DEZ CARACTERÍSTICAS DO ACOMPANHAMENTO DA LEITURA DA BÍBLIA PELO MAGISTÉRIO
DEZ CARACTERÍSTICAS
DO ACOMPANHAMENTO DA LEITURA DA BÍBLIA PELO MAGISTÉRIO
(Parte I)
Por: Carlos Mesters
Nos anos depois do Concílio saíram vários documentos da parte do Magistério para estimular e orientar a leitura e a interpretação da Bíblia na Igreja. Pois a fidelidade à Igreja, à Tradição e ao Magistério é tão importante para a interpretação da Bíblia quanto a raiz para a árvore. Apresentamos aqui dez normas hermenêuticas (de interpretação), frutos do Vaticano II, que estão orientando a leitura e a interpretação da Bíblia na Igreja hoje.
- Crer que a Bíblia é Palavra de Deus (DV 11)
A fé de que a Bíblia é Palavra de Deus é o que mais caracteriza a leitura cristã da Bíblia. É por ser Palavra de Deus que a Bíblia tem aquela autoridade. A Palavra de Deus, porém, não está só na Bíblia. Deus também fala pela vida, pela natureza, pela história (DV 3). A leitura da Palavra escrita da Bíblia ajuda a descobrir a Palavra viva de Deus na vida.
Santo Agostinho ensina que Deus escreveu dois livros. O primeiro livro é a criação, a natureza, a vida. O segundo livro é a Bíblia, inspirada por Deus para nos “devolver o olhar da contemplação”, para que possamos ler e interpretar melhor o Livro da Vida e da Natureza.
Por ser Palavra de Deus, a Bíblia, quando “lida e interpretada naquele mesmo Espírito em que foi escrita” (DV 12), comunica a luz e a força deste mesmo Espírito aos que a lêem. Por isso, a Palavra de Deus tem força para realizar o que transmite (DV 21).
- É Palavra de Deus em linguagem humana (DV 12)
A linguagem usada por Deus para comunicar-se conosco na Bíblia é, em tudo, igual à nossa linguagem, menos no erro e na mentira.
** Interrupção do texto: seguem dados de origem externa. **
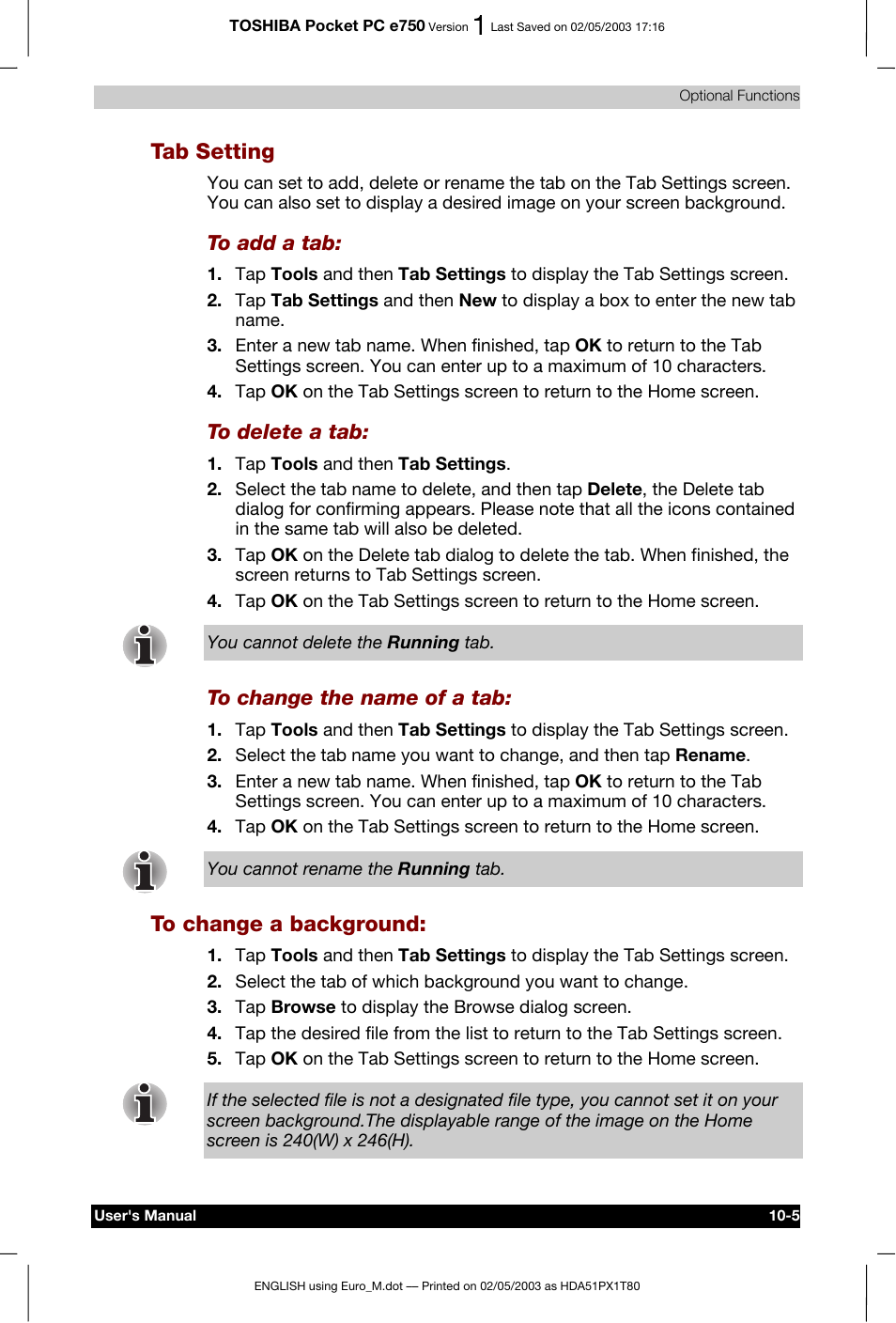 Tab setting | Toshiba Pocket PC e750 User Manual | Page 160 / 215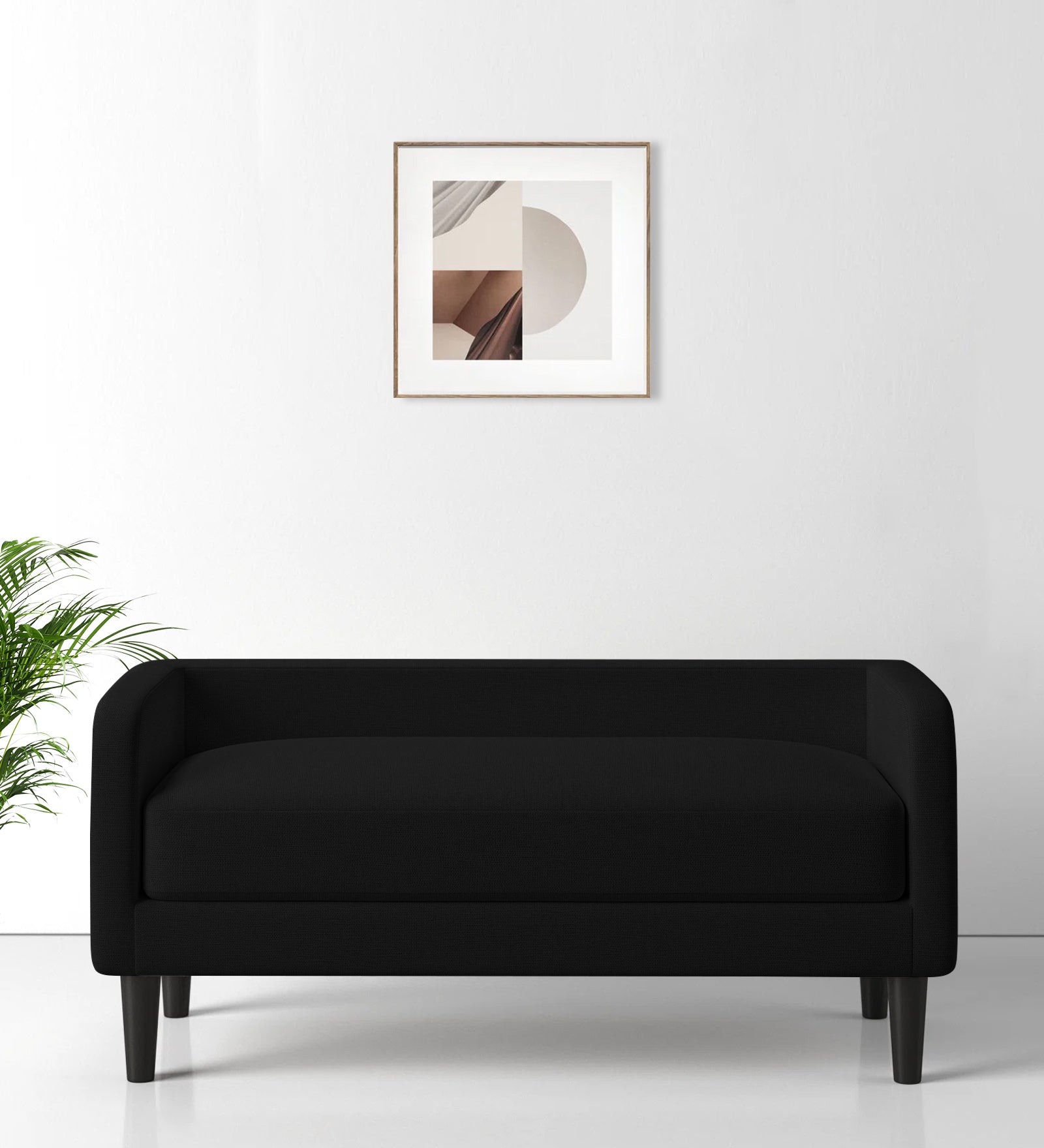 Maya Fabric Bench In Zed Black Colour - Febonic Living
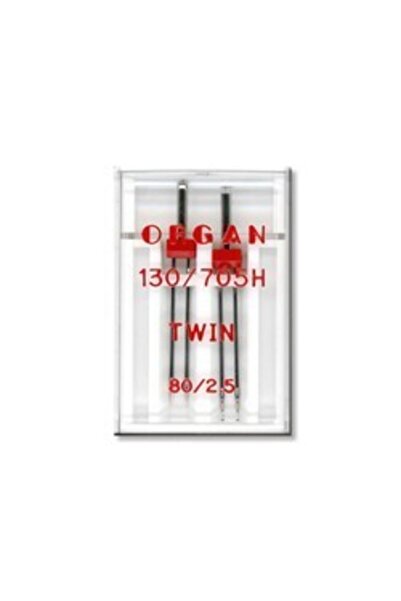 Set Dikiş Makineleri Organ Çift Iğne 2.5mm (NERVÜR IĞNESİ 80/2.5)2'li 12 Numara (AİLE MAKİNA IĞNESİ).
Por isso ela deve ser interpretada com a ajuda dos mesmos critérios que se usam para interpretar a linguagem humana: crítica textual, crítica literária, pesquisa histórica, etnologia, arqueologia, etc (DV 12; Pio XII 20). Do contrário, caímos no erro do fundamentalismo que tanto mal faz, pois desliga a Bíblia do contexto da realidade humana daquela época, isola o leitor e a leitora da comunidade e da tradição e separa vida e fé.
- Deus se revela a si mesmo na sua Palavra (DV 20)
O povo cristão procura e encontra na Bíblia “o conhecimento de Deus e do homem e a maneira pela qual o justo e misericordioso Deus trata com os homens” (DV 15). A Leitura Orante faz com que o modo de pensar de Deus, aos poucos, se torne o nosso modo de pensar. Por isso mesmo, ela ajuda a descobrir e quebrar em nós as falsas ideologias, e contribui para que aprendamos a olhar a vida com os olhos de Deus.
Antes de ser um catálogo de verdades, a Bíblia é a revelação da graça e da misericórdia de Deus (DV 2). Ele nos amou primeiro! Para os pobres e oprimidos, esta revelação significa, desde sempre, que Deus se inclina para escutar o seu clamor e estar com eles na sua aflição, para caminhar com eles e libertá-los do cativeiro (Ex 3,7-8; Sl 91,14s).
O objetivo primeiro da Bíblia é ajudar-nos a descobrir na vida esta presença amiga de Deus e experimentar o seu amor libertador. A leitura da Bíblia funciona como um colírio que vai limpando os olhos.
Esta revelação e experiência de Deus são fruto, ao mesmo tempo, da graça de Deus e do esforço humano. De um lado, a revelação que Deus faz de si mesmo provoca nossa colaboração e participação e exige a observância da Aliança. De outro lado, ela “nos faz participar dos bens divinos que superam inteiramente a capacidade da mente humana” (DV 6). Eficiência e gratuidade, luta e festa, natureza e graça, ambos se misturam na caminhada conflituosa em direção a Deus. Este olhar libertador, nascido de Deus, liberta e abre o sentido da Bíblia.